Abstract

The ice-snow melting performance of ice-snow pavement is significantly influenced by the dispersion of graphite powder, particularly through the distribution of graphite powder bunches. In recent years, optical microscope (OP) images have been utilized to detect graphite powder bunches and evaluate their dispersion. However, because graphite powder bunches and other objects in OP images often have various shapes, and conventional manually processed images of tasks have the disadvantage of low efficiency, it is a challenge to detect graphite powder bunches and evaluate their dispersion using OP images.

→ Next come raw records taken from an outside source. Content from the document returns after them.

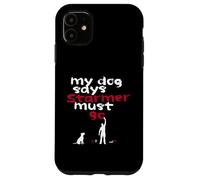 My dog says Starmer must go Case for iPhone 11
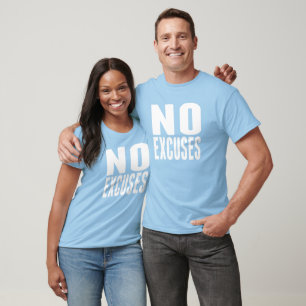 T-shirt Aucune motivation d'individu d'excuses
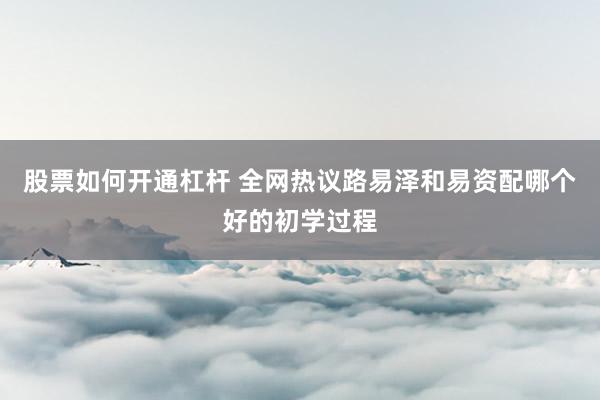 股票如何开通杠杆 全网热议路易泽和易资配哪个好的初学过程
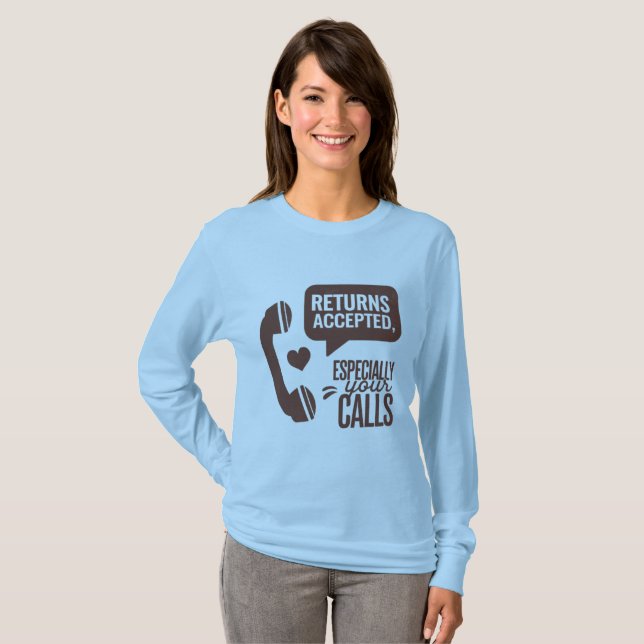 Returns Accepted, Especially Your Calls T Shirt (Hel framsida)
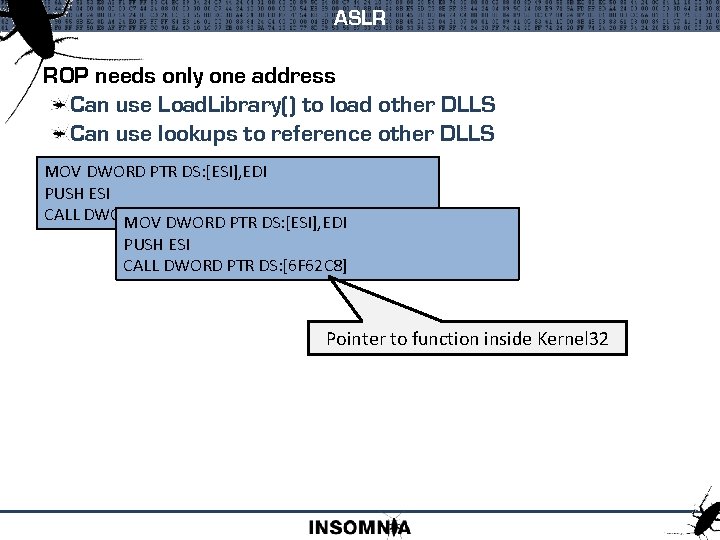 ASLR ROP needs only one address Can use Load. Library() to load other DLLS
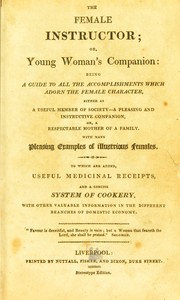 Cover of: The female instructor, or Young woman's companion: being a guide to all the accomplishments which adorn the female character, either as a useful member of society - a pleasing and instructive companion, or a respectable mother of a family. With many pleasing examples of illustrious females. To which are added, useful medicinal receipts, and a concise system of cookery, with other valuable information in the different branches of domestic economy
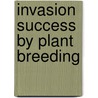 Invasion Success by Plant Breeding door Christel Ross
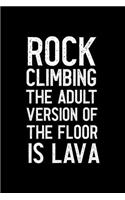 Rock Climbing The Adult Version Of The Floor Is Lava: Notebook Journal Composition Blank Lined Diary Notepad 120 Pages Paperback Black Solid Climb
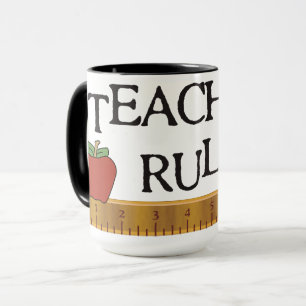 Teachers Rule Mug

Therefore, this paper presents a novel application of a Faster Region Convolutional Neural Network (Faster R-CNN) using OP images and video sequences for the autonomous detection of graphite powder bunches and an evaluation of their dispersion. The research procedure is as follows: (a) generate a database for the Faster R-CNN, (b) design 30 Faster R-CNNs to find the optimal one, and (c) conduct an analysis of the training and testing results, along with new image testing, comparative studies, and video testing. The results show that a Faster R-CNN with nine anchors and a ratio of 0.3, 1.0, and 1.6, and with the sizes of 32, 128, and 192, has an average precision of the bunches and a dispersion uniformity of 91.2% and 84.0%, respectively. Its mean average precision is 87.5%. The Faster R-CNN is considered optimal in this research. The test time required to evaluate an image with a pixel resolution of 1024 × 1024 pixel in GPU mode is approximately 0.04 s, which means the method based on a Faster R-CNN has the capacity of a quasi-real-time autonomous dispersion evaluation in GPU mode to replace a human-assisted microscopic dispersion evaluation in OP images. The results also provide the possibility for a quasi-real-time evaluation using OP video sequences. Compared with a Fast R-CNN, a Faster R-CNN provides more reasonable bounding boxes for bunches and reliable results in terms of the dispersion uniformity.